The following definitions apply with

respect to the Make-Whole Amount:

“Par Call Date”

means May 15, 2031.

“Treasury Rate”

means, with respect to any redemption date, the yield determined by the Company in accordance with the following two paragraphs:

(1)            The

Treasury Rate shall be determined by the Company after 4:15 p.m., New York City time (or after such time as yields on U.S. government

securities are posted daily by the Board of Governors of the Federal Reserve System), on the third business day preceding the redemption

date based upon the yield or yields for the most recent day that appear after such time on such day in the most recent statistical release

published by the Board of Governors of the Federal Reserve System designated as “Selected Interest Rates (Daily) — H.15”

(or any successor designation or publication) (“H.15”) under the caption “U.S. government securities —

Treasury constant maturities — Nominal” (or any successor caption or heading) (“H.15 TCM”).
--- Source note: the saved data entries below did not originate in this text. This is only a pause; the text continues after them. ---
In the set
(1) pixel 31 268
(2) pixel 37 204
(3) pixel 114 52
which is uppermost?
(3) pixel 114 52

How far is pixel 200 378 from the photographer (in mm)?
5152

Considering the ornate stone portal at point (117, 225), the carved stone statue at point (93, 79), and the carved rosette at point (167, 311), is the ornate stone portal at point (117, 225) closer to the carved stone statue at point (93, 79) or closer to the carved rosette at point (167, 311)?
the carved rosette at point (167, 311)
In determining

the Treasury Rate, the Company shall select, as applicable: (A) the yield for the Treasury constant maturity on H.15 exactly equal

to the period from the redemption date to the Par Call Date (the “Remaining Life”); or (B) if there is no such

Treasury constant maturity on H.15 exactly equal to the Remaining Life, the two yields — one yield corresponding to the Treasury

constant maturity on H.15 immediately shorter than and one yield corresponding to the Treasury constant maturity on H.15 immediately longer

than the Remaining Life — and shall interpolate to the Par Call Date on a straight-line basis (using the actual number of days)
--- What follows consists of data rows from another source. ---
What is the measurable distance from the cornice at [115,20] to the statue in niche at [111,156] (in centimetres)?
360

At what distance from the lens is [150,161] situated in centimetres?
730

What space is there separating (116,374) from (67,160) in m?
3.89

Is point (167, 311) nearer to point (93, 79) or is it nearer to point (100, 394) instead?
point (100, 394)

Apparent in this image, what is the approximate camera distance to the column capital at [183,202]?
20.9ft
using such yields and rounding the result to three decimal places; or (C) if there is no such Treasury constant maturity on H.15

shorter than or longer than the Remaining Life, the yield for the single Treasury constant maturity on H.15 closest to the Remaining Life.

For purposes of this paragraph, the applicable Treasury constant maturity or maturities on H.15 shall be deemed to have a maturity date

equal to the relevant number of months or years, as applicable, of such Treasury constant maturity from the redemption date.

(2)            If

on the third business day preceding the redemption date H.15 TCM is no longer published the Company shall calculate the Treasury Rate

based on the rate per annum equal to the semi-annual equivalent yield to maturity at 11:00 a.m., New York City time, on the second business

day preceding such redemption date of the United States Treasury security maturing on, or with a maturity that is closest to, the Par

Call Date, as applicable. If there is no United States Treasury security maturing on the Par Call Date but there are two or more United

States Treasury securities with a maturity date equally distant from the Par Call Date, one with a maturity date preceding the Par Call

Date and one with a maturity date following the Par Call Date, the Company shall select the United States Treasury security with a maturity

date preceding the Par Call Date. If there are two or more United States Treasury securities maturing on the Par Call Date or two or more

United States Treasury securities meeting the criteria of the preceding sentence, the Company shall select from among these two or more

United States Treasury securities the United States Treasury security that is trading closest to par based upon the average of the bid

and asked prices for such United States Treasury securities at 11:00 a.m., New York City time. In determining the Treasury Rate in accordance

with the terms of this paragraph, the semi-annual yield to maturity of the applicable United States Treasury security shall be based upon

the average of the bid and asked prices (expressed as a percentage of principal amount) at 11:00 a.m., New York City time, of such United

States Treasury security, and rounded to three decimal places.

The Company’s actions

and determinations in determining the Make-Whole Amount shall be conclusive and binding for all purposes, absent manifest error.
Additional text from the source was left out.